Anything they want, just so long as their land does not end up in public ownership -- which is necessary of course to restore the Everglades.

Today news comes from the US Department of Agriculture how the perversity extends further. One of the ways that the federal government "guarantees" Big Sugar profits is by taking up any surplus production and stockpiling whatever is not soaked up by the marketplace. It is a pretty good deal, right?

Let's say you are a widget maker. Your widgets cost a lot if you can only make them on one shift, because you have to buy machinery and equipment and other capital costs. That makes your widget price relatively high.

If you can add two additional shifts, to run 24/7, then you can spread out the costs through higher production. Of course you have to have customers to make this work. If you don't have enough customers, you end up eating inventory.

Big Sugar doesn't have to have customers. It has the US government. Or federal taxpayer. That's because whatever Big Sugar makes, is bought by you. Here is a current example how that happens on a yearly basis, every year, year in and year out:
USDA
Monday, December 2nd, 2013

U.S. Department of Agriculture's Commodity Credit Corporation (CCC) announced the results of CCC's offer made on Nov. 14, 2013, to sell its sugar inventory for bioenergy production under the Feedstock Flexibility Program (FFP). CCC also announced a new invitation to sell the remainder of its recently acquired sugar inventory for both bioenergy production under the Feedstock Flexibility Program and other non-food uses. CCC successfully sold 216,750 short tons to bioenergy producers for $11.3 million under the Nov. 14 offer, but still holds 79,750 tons in inventory. The invitation reduces the minimum quantity for bids to 5,000 tons and offers sugar for both bioenergy and other non-food uses. This invitation, and all of the Farm Service Agency's actions to address the 2012 sugar crop-year surplus, can be found on the Farm Service Agency (FSA) Commodity Operations website at www.fsa.usda.gov/FSA/webapp?area=home&subject=coop&topic=pas-sa
CCC acquired 296,500 short tons of sugar on Oct. 1, 2013, in lieu of cash repayments on its remaining 2012 crop year sugar loans. These sugar loan forfeitures were the result of record domestic sugar production, record Mexican sugar imports, and world prices falling below U.S. price support levels for the first time in several years.
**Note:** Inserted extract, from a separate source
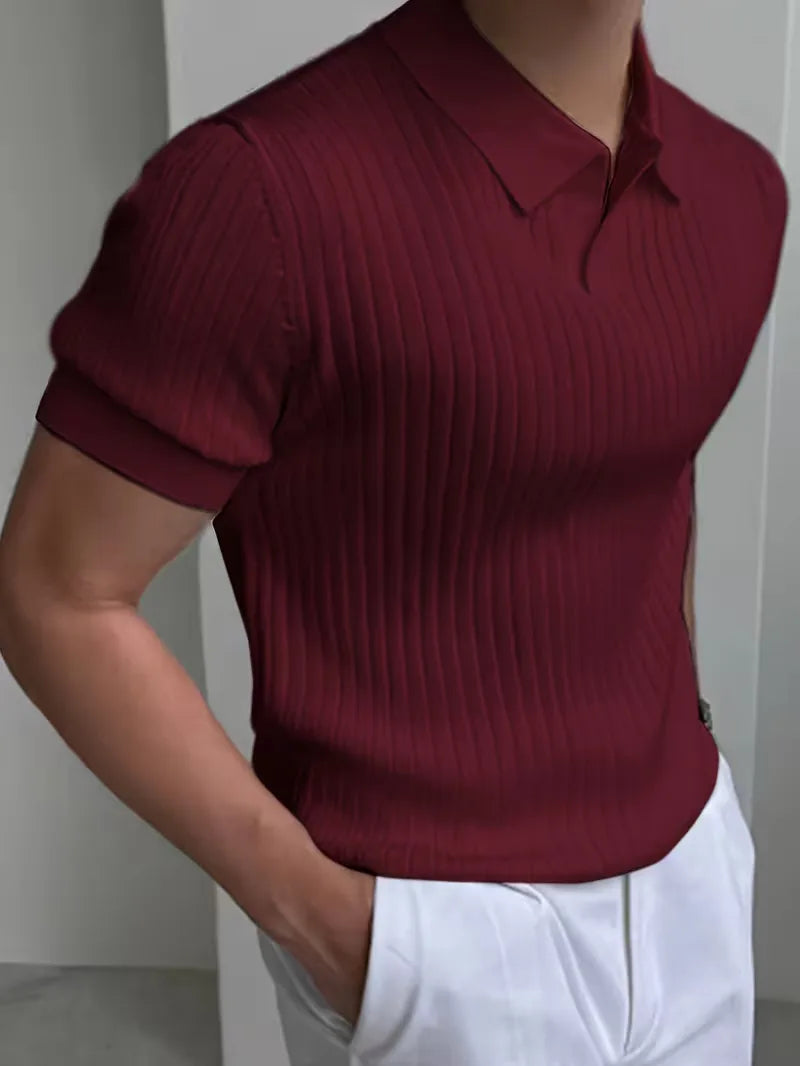Close-up van de bordeauxrode gebreide polo met ribstructuur en V-hals voor heren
CCC is prohibited by the Food, Conservation, and Energy Act of 2008 (the 2008 farm bill) from selling its sugar inventory for domestic food use unless there is an emergency sugar shortage.

For information about FSA programs, visit your county USDA Service Center or go to www.fsa.usda.gov.
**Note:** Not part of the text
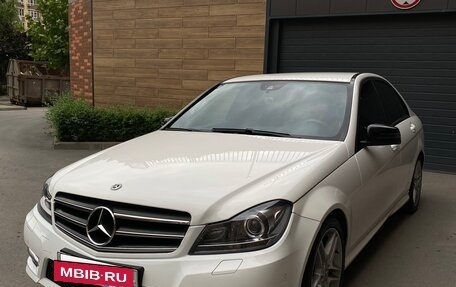 Mercedes-Benz C-Класс, 2013 год, 1 600 000 рублей, 8 фотография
So look at this subsidy another way: the money you earn and spend in taxes to the federal government is going to support an industry that could not be economic but for its control of federal elected officials who are "doing good" by supporting a product that is at the root of hundreds of billions of health care costs (sugar in the food supply, a leading cause of health care costs and emergencies in the United States), that destroys the environment (sugar farming is a primary cause of the rampant pollution of the Everglades and dominates water management to the extent that it deprives Florida's coastal estuaries of sufficient water quantity and quality to survive, also impacting real property values) and poisons Democracy (sugar money funds through indirect and dark money channels political causes hostile to the public interest).

So here is one New Year's resolution for 2014: write to your elected officials or call them and demand that they take a "No Sugar Money Pledge". It is the only way to get the point across that the special treatment for Big Sugar must stop.

1 comment:

Anonymous said...

The only thing that kills a farm subsidy is the collapse of crop market.
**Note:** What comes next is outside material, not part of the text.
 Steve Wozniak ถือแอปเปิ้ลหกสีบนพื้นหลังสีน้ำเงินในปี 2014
Growing up 30 years ago in eastern North Carolina 90% of the land was in tobacco production complete with price supports, now it's virtually nonexistent. Replaced by hogs, turkey, cotton and landscape nurseries. Why? people quit smoking, no money left to buy elections and it all went away.

So maybe no-big-gulps Bloomberg was on the right track?

But if you thought nicotine was addictive, wait until you try to wean the public off sugar.